Generally, the present invention relates to detecting and measuring the force applied to a door or any device that is directly connected to a trolley-type operator as the door travels between open and closed positions. In particular, the present invention relates to a system which utilizes the angle of a trolley arm to monitor the force applied to an overhead door during each cycle. Specifically, the present invention relates to a system that monitors the force applied and, along with other monitored data, determines if an obstruction has been encountered.
As is well known, motorized door operators automatically open and close a garage door or the like through a path that is defined by a physical upper limit and a physical lower limit. The physical lower limit is established by the floor upon which the garage door closes. The physical upper limit can be defined by the highest point the door will travel, which can be limited by the operator, the counterbalance system, or the door track system's physical limits. The operator's upper and lower limits are employed to prevent door damage resulting from the operator's attempt to move a door past its physical limits. Under normal operating conditions, the operator's limits may be set to match the door's upper and lower physical limits. However, operator limits are normally set to a point less than the door's physical upper and lower limits.
One known limit system employs pulse counters that set the upper and lower travel of the door by counting the revolutions of an operator's rotating component.
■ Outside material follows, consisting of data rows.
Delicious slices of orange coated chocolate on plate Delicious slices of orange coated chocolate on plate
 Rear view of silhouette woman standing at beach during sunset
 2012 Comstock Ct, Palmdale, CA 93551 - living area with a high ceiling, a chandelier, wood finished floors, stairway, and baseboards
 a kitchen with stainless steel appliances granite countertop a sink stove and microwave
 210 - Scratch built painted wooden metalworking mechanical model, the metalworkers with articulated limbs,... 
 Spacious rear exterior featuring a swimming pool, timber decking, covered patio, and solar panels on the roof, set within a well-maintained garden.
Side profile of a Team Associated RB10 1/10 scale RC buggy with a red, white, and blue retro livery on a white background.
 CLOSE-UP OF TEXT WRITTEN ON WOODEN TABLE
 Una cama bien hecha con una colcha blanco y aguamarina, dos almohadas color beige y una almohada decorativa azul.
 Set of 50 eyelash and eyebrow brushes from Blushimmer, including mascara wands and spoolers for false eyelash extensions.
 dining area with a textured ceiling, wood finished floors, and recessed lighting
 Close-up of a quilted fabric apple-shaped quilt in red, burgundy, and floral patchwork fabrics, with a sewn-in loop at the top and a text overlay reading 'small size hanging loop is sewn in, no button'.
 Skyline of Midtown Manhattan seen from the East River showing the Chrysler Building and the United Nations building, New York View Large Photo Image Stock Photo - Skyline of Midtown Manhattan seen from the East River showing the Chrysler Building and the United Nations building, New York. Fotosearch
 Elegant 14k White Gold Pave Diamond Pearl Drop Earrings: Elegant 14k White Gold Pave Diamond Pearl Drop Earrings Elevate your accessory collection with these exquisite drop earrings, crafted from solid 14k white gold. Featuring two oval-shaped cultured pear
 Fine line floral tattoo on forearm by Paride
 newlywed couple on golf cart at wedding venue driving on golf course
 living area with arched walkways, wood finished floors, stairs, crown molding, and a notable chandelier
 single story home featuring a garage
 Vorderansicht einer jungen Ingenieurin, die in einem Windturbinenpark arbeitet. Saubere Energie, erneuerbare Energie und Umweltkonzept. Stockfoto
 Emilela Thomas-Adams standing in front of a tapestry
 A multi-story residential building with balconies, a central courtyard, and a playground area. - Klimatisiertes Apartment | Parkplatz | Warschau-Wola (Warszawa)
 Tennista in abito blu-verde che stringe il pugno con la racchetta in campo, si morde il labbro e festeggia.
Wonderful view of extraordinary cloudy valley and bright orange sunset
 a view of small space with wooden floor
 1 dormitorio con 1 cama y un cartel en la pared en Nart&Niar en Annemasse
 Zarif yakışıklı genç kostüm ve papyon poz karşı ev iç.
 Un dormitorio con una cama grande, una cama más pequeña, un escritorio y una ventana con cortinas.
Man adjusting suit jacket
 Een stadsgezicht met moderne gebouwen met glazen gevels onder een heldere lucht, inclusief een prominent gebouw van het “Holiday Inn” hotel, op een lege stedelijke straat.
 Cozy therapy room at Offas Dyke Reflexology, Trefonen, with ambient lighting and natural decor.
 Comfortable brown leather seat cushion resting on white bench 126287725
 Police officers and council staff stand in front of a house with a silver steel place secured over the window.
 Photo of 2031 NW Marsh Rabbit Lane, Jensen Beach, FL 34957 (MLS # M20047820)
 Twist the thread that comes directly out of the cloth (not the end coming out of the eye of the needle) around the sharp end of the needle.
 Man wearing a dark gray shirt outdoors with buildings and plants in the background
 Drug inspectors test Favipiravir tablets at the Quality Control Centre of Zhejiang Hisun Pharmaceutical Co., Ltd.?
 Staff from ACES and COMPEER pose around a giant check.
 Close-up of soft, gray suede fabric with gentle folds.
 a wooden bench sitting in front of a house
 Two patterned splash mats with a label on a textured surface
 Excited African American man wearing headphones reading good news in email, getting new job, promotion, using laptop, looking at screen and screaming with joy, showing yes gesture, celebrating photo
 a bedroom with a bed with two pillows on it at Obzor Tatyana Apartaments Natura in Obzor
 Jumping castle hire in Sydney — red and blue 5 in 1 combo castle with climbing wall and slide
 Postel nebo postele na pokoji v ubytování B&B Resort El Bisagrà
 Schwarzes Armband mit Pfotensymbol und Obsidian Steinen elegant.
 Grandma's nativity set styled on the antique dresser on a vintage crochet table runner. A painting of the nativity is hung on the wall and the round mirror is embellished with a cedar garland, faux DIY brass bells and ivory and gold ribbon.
These pulse counters are normally coupled to the shaft of the motor and provide a count to a microprocessor. The upper and lower limits are programmed into the microprocessor by the consumer or installer. As the door cycles, the pulse counter updates the count to the microprocessor. Once the proper count is reached, which corresponds to the count of the upper and lower limits programmed by the consumer or installer, the door stops. Unfortunately, pulse counters cannot accurately keep count. External factors such as power transients, electrical motor noise, and radio interference often disrupt the count, allowing the door to over-travel or under-travel. The microprocessor may also lose count if power to the operator is lost or if the consumer manually moves the door while the power is off and the door is placed in a new position that does not match the original count.
Motorized garage door operators often include primary entrapment safety systems designed to monitor door speed and applied force as the door travels in the opening and closing directions. During travel from the open-to-close and from the close-to-open positions, the door maintains a relatively constant speed. However, if the door encounters an obstacle during travel, the speed of the door slows down or stops, depending upon the amount of negative force applied by the obstacle. Systems for detecting such a change in door speed and applied force are commonly referred to as “internal entrapment protection” systems. Once the internal entrapment protection is activated, the door may stop or stop and reverse direction.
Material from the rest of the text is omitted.